Schäuble concorda mas diz não
O ministro alemão das Finanças admite que a gravidade da situação coloque o problema nesses termos: a Grécia dificilmente “pode continuar sem um corte da dívida”. Trata-se no entanto de um intróito que apenas serve o propósito de voltar a um tema que, de acordo com fontes da eurozona, foi inaugurado por Wolfgang Schäuble quando, há semana e meia, se discutia o pacote de austeridade a cumprir pelos gregos para desbloquear novo empréstimo dos credores: uma saída temporária de cinco anos da Zona Euro.

Nem a saída definitiva nem a saída temporária constam das figuras de estilo dos tratados europeus, pelo que o assunto, apesar de apadrinhado pela mais alta figura política desta Europa, era discutido como um cenário imaterializável.

No entanto, o primeiro-ministro grego Alexis Tsipras terá alterado a lista de prioridades e, nas últimas semanas, mostrou-se especialmente cooperador, um colaborador fiel das instituições europeias no sentido único de manter o país na Zona euro. Ao ponto de ter confessado esta quarta-feira que assinou um acordo de resgate com o qual não concordava em absoluto, mostrando através da linguagem corporal aquando da conversa com os jornalistas que era um assunto que o incomodava.

A assinatura nos papéis de bruxelas poderá ter sido ao mesmo tempo a assinatura da sentença de morte deste executivo, já que esta madrugada, apesar do sim do Parlamento grego ao documento lavrado em Bruxelas, mais de três dezenas dos deputados do seu Syriza – que se sentam precisamente na bancada que apoio o Governo – votaram contra o seu trabalho. Entre eles, Varoufakis e a vice-mistra da Finanças, que ainda ontem apresentou a demissão.

Ou seja, Tsipras optou pelo que diz ser uma inevitabilidade e arriscou desfazer a sua própria equipa governamental.

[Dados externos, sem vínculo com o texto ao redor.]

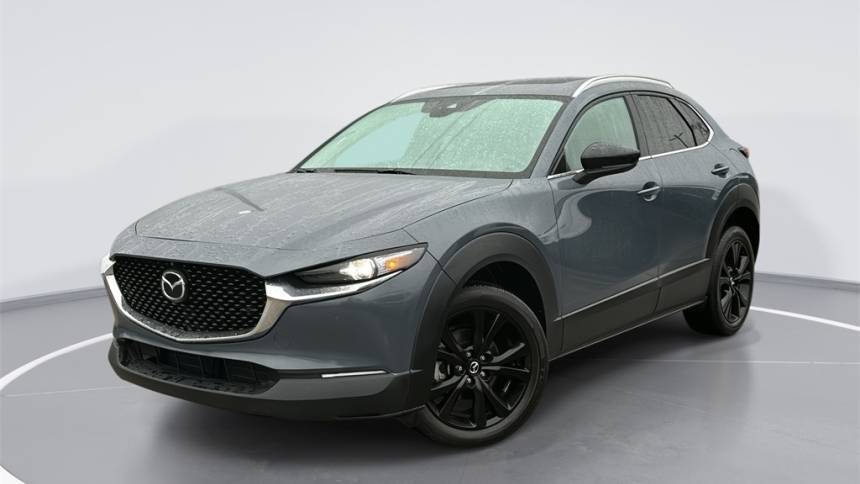 2022 Mazda CX-30 Turbo Premium Plus — SUV — 34,069 mi — McKinney, TX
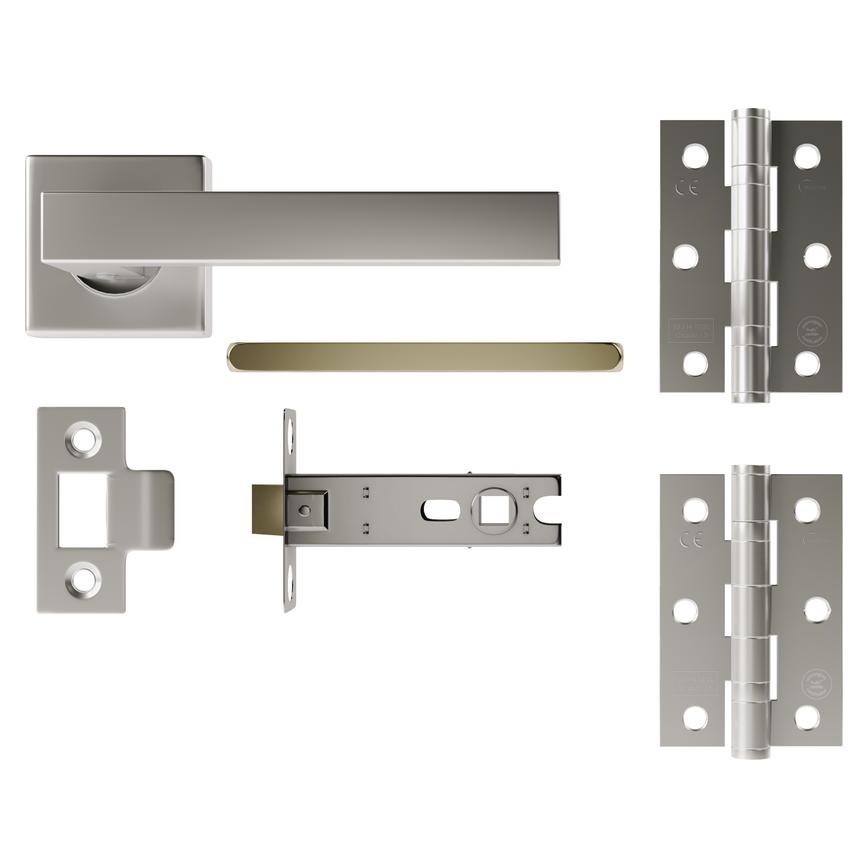 burford handle and latch pack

E apesar de tudo, do sim do Parlamento ao novo pacote de austeridade – a pior de sempre, diz-se –, o que espera os gregos ao virar desta esquina? Wolfgang Schäuble, com as rédeas da Europa nas mãos, quer mais. Acusado por Yanis Varoufakis de querer usar Atenas como exemplo para os parceiros europeus – uma tese que parece ser sustentada por Timothy Geithner, o antigo secretário do Tesouro dos Estados Unidos.
Via verde finlandesa
Sempre próximo de Schäuble na arena do Eurogrupo, o ministro finlandês das Finanças recebeu entretanto do Parlamento do seu país a aprovação às negociações do terceiro resgate da Grécia.

O que acaba por constituir um apertar da malha austeritária em torno do Governo do Syriza e dos Gregos Independentes.

“Temos mandato da Grande Comissão do Parlamento para aprovar quer o financiamento temporário de sete mil milhões proposto pela Comissão Europeia, quer a decisão, sujeita a condições estritas, de aprovar no Eurogrupo o início das negociações para um plano de financiamento ao abrigo do Mecanismo Europeu de Solidariedade da União Europeia para a Grécia”, declarou em Helsínquia Alexander Stubb.

Na mesma linha de Berlim, porém, o governante finlandês deixou vincada a oposição a qualquer forma de perdão da dívida soberana grega.